The hashing algorithm is called the hash function, probably the term is derived from
the idea that the resulting hash value can be thought of as a mixed up version of the
represented value. The hash function is used to index the original value or key and then used
later each time the data associated with the value or key is to be retrieved.
Thus, hashing is always a one-way operation. Ideal hash function can’t be derived by
any analysis. A good hash function also should not produce the same hash value for two
different inputs. If it does, this is known as collision. A hash function that offers an
extremely low risk of collision may be considered acceptable.
The hash function that has been used in this project is Division – remainder method. The
division method is generally a reasonable strategy, unless the key happens to have some
undesirable properties. The size of the number of items in the table is estimated. That number
is then used as a divisor into each original value or key to extract a quotient and a remainder.
The remainder is the hashed value.
Since this method is liable to produce a number of collisions, any search mechanism
would have to be able to recognize a collision and offer an alternate search mechanism. The
number of buckets considered in this project is 5 hence the divisor is 5. The sum of the
individual elements of the key (Event_id) which is a string is considered as the dividend and
it is divided with the number of buckets (5) as the divisor. The remainder is the hashed value.

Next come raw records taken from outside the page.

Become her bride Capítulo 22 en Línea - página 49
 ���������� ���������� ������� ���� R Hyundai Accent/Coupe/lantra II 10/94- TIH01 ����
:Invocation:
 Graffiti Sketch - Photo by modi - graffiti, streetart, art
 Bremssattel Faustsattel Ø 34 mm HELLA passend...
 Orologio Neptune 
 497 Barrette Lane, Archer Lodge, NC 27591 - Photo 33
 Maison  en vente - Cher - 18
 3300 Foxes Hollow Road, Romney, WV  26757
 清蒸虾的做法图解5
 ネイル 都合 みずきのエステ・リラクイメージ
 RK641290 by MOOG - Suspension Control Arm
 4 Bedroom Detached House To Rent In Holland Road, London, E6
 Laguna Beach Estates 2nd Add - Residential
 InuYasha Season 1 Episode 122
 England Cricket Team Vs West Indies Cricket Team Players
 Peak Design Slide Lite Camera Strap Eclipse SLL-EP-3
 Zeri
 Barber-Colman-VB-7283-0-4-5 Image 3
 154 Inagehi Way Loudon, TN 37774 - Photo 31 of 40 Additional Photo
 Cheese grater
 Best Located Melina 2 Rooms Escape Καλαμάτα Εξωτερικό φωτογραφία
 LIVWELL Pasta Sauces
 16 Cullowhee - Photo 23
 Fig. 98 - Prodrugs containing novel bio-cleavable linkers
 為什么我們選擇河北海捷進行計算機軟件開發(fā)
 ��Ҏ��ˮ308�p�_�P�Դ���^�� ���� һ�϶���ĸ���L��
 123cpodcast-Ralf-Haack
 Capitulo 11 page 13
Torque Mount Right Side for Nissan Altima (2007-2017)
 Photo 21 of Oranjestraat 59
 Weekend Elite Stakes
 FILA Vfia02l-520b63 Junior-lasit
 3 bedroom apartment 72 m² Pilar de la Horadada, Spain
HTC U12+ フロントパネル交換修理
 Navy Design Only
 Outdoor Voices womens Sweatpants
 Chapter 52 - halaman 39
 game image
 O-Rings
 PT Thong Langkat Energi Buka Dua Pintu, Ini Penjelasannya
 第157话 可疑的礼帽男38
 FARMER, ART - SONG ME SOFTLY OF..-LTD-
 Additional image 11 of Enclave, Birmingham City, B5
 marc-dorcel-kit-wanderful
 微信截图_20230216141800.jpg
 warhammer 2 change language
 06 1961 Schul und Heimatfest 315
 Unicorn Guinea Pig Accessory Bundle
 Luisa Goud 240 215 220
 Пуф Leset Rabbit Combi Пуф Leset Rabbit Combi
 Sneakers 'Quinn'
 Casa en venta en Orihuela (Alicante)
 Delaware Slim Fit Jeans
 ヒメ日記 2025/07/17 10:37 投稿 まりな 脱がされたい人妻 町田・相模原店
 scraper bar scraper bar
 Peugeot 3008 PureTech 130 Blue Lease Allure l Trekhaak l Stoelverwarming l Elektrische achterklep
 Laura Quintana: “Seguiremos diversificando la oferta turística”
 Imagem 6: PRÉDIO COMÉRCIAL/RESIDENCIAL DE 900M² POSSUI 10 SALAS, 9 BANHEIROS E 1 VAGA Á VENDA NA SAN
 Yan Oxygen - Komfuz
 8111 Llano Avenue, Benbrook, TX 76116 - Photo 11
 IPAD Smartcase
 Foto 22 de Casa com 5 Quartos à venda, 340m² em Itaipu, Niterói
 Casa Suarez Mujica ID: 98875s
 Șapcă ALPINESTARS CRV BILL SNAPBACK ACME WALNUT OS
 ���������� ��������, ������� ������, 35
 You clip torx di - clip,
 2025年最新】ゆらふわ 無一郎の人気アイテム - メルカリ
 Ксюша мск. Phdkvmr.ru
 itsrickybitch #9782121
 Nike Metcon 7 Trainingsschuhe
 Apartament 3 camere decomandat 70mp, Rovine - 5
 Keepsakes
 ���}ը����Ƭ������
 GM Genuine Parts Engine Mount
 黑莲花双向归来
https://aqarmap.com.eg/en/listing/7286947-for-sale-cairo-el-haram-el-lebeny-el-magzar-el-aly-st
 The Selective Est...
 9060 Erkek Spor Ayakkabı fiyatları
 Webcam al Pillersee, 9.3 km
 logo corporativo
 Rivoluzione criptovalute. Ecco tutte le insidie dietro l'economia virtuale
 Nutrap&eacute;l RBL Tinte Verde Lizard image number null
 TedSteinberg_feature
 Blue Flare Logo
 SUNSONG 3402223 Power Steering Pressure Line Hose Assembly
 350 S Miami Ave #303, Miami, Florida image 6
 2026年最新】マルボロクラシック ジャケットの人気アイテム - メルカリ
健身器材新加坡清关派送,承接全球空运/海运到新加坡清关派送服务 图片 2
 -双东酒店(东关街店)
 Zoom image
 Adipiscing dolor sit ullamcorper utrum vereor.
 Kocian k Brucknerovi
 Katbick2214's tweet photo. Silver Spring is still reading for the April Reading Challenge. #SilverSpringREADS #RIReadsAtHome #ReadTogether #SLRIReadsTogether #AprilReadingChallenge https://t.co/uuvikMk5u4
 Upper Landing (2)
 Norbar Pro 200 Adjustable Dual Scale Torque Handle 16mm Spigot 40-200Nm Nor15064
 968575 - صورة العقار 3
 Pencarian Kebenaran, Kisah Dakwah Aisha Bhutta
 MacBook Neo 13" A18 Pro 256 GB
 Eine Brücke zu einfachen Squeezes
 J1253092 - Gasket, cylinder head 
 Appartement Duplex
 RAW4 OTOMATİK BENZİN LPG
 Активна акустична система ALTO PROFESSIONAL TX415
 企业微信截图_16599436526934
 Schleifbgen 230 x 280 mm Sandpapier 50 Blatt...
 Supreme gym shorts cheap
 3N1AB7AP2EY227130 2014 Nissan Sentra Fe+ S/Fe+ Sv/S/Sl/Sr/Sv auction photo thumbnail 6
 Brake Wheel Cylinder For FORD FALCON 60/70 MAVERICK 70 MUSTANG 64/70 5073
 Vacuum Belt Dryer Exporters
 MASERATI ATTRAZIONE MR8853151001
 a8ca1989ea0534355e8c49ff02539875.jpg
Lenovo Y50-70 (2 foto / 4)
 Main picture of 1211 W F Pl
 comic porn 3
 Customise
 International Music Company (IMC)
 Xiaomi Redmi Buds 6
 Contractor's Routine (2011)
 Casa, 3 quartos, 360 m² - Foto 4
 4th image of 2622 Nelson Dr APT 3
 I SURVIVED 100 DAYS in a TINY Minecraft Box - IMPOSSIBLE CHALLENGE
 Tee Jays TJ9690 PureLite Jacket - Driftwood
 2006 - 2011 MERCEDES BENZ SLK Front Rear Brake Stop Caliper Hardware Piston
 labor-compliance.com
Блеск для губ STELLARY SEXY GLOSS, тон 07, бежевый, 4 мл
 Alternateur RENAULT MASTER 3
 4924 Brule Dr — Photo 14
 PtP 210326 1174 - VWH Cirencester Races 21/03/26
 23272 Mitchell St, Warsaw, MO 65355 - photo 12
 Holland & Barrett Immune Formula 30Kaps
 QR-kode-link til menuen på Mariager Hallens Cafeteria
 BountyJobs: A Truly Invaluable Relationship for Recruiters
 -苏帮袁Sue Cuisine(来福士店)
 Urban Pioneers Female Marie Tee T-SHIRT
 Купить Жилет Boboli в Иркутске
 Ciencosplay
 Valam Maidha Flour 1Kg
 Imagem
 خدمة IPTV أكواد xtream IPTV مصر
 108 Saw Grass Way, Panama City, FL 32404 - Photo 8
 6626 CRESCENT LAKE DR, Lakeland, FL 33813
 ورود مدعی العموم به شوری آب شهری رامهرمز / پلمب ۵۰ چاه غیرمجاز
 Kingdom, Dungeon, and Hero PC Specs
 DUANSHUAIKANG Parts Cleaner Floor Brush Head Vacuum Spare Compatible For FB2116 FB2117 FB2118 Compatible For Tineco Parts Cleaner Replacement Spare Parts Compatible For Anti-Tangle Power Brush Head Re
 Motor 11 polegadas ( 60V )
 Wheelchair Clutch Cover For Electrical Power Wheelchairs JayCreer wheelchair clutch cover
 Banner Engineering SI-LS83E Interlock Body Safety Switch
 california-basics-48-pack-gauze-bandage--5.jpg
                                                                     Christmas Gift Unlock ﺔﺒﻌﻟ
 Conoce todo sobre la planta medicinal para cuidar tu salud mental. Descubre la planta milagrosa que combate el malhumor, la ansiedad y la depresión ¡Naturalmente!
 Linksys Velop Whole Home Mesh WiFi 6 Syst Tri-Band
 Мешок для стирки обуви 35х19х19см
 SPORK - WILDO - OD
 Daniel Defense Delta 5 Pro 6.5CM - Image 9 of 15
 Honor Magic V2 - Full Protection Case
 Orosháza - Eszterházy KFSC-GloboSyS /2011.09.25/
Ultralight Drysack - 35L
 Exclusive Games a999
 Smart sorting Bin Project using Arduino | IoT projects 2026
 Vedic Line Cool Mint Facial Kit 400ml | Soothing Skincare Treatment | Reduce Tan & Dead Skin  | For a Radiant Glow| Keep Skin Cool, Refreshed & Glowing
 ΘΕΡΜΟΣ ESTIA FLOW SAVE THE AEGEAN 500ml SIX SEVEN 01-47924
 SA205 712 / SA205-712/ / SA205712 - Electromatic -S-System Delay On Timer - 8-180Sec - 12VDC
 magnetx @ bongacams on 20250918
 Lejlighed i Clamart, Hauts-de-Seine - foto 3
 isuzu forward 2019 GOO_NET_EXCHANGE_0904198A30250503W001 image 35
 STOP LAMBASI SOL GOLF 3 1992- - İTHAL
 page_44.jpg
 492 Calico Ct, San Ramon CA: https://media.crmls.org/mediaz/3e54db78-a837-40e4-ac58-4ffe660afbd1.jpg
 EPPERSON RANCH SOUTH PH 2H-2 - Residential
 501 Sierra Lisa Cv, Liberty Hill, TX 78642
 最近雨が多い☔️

Once a valid value is read we pack the data using ‘|’ as the delimiter.
Collision occurs when the bucket corresponding to the computed hash value has all
the 5 records filled in it (because the bucket size considered is 5). The technique used to
resolve collision is linear probing. It was invented in 1954 by Gene Amdahl, Elaine M.
McGraw, and Arthur Samuel and first analyzed in 1963 by Knuth. Along with quadratic
probing and double hashing, linear probing is a form of open addressing. In these schemes,
each cell of a hash table stores a single key–value pair.
If faced with a collision situation, the linear probing technique will look onto
subsequent hash elements until the first free space is found. This traversal is known as
probing the table; and as it goes by one element at a time, it is linear probing. Once the end
of hash table is reached which is end of 4th bucket because the total number of buckets
considered is 5, wrap around concept is used to further check for free space from the
beginning of the table till the first computed hashed value. This traversal is known as probing
the table; and as it goes by one element at a time, it is linear probing. Once the end of hash
table is reached, wrap around concept is used to further check for free space from the
beginning of the table till the first computed hashed value.